What is needed:
Read the entries below and pull out each line with the string "Street".

□ □ □ □

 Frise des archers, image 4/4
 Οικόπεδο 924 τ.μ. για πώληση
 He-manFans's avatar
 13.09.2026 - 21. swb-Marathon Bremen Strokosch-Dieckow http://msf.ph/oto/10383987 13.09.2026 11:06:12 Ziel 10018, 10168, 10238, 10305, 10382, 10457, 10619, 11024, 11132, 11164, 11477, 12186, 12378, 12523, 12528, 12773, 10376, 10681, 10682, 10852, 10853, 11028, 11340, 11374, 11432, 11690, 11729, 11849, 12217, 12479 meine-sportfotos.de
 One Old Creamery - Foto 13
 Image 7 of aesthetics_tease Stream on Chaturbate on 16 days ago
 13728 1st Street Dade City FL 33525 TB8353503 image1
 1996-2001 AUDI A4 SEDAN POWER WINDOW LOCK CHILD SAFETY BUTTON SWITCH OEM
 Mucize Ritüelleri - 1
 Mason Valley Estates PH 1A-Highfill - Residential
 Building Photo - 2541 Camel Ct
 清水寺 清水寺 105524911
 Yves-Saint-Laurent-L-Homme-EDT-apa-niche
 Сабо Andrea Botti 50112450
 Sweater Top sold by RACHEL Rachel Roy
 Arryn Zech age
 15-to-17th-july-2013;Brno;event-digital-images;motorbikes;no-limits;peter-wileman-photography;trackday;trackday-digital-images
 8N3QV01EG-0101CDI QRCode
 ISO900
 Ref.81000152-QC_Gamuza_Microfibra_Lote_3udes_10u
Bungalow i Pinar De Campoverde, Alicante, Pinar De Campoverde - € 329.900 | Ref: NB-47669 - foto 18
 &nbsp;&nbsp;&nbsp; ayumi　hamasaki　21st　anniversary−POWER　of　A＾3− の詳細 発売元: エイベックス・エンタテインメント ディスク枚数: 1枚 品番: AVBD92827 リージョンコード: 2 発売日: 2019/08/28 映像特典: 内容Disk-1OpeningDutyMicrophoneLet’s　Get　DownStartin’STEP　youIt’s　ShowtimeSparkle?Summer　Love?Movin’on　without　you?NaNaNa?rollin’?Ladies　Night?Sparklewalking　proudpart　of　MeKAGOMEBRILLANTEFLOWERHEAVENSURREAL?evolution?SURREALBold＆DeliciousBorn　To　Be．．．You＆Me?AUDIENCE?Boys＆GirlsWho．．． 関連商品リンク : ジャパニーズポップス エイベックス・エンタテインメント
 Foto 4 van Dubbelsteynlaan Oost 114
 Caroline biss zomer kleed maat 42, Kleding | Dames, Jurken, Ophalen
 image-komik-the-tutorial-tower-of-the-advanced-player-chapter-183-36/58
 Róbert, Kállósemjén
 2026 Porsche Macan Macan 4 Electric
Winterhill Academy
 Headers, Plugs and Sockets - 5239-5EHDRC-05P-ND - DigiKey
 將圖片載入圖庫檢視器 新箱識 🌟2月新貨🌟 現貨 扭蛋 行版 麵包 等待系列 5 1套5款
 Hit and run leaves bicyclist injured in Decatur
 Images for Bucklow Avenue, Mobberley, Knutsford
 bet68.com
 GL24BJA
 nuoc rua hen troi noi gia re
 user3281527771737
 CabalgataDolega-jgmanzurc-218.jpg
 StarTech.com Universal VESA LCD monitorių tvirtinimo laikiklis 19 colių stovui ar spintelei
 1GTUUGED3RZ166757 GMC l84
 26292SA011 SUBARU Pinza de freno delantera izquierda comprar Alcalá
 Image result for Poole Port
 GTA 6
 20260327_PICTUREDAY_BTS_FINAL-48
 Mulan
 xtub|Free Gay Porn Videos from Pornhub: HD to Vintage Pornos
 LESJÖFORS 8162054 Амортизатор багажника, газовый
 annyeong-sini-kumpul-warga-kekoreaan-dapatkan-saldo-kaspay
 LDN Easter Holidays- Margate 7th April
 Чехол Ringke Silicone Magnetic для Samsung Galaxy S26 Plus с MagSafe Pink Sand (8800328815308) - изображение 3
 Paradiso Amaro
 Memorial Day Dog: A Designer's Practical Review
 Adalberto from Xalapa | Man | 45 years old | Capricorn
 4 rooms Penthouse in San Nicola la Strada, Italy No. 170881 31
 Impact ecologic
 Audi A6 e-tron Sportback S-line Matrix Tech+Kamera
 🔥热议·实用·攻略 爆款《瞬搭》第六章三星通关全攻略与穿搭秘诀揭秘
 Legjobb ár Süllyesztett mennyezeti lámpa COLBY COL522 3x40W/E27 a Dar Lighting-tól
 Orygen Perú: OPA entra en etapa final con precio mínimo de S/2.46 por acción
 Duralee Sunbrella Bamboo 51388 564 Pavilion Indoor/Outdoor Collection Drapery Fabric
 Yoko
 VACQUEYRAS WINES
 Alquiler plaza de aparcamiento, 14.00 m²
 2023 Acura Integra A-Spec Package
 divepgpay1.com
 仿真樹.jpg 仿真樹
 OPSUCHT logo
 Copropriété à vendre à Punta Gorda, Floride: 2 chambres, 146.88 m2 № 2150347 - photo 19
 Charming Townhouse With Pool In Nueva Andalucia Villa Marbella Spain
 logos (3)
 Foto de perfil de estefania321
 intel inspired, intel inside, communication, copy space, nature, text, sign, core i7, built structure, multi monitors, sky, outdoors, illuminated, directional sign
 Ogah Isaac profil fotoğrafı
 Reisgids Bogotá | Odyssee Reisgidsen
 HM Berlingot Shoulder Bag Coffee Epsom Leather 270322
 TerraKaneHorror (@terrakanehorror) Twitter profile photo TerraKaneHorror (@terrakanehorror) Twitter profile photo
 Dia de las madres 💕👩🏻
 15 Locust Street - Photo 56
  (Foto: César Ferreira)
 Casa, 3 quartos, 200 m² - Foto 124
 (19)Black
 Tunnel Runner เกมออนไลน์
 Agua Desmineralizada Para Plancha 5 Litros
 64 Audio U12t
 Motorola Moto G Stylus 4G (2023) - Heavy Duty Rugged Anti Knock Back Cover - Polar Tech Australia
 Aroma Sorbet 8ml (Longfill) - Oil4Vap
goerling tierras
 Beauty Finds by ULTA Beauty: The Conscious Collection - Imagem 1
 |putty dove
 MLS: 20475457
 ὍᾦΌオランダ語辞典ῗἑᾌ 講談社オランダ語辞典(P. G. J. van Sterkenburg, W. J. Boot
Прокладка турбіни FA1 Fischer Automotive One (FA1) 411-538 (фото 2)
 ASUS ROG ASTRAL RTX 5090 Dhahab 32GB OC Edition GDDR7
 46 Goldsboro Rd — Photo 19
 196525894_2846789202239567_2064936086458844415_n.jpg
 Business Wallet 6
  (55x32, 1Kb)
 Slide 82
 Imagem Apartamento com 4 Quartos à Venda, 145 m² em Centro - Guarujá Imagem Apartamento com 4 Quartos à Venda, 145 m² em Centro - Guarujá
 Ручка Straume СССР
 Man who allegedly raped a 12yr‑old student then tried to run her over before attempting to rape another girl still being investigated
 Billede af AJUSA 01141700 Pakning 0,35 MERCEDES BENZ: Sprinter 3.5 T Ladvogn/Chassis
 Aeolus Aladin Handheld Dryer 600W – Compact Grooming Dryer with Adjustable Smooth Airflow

□ □ □ □

Reply:
 13728 1st Street Dade City FL 33525 TB8353503 image1
 15 Locust Street - Photo 56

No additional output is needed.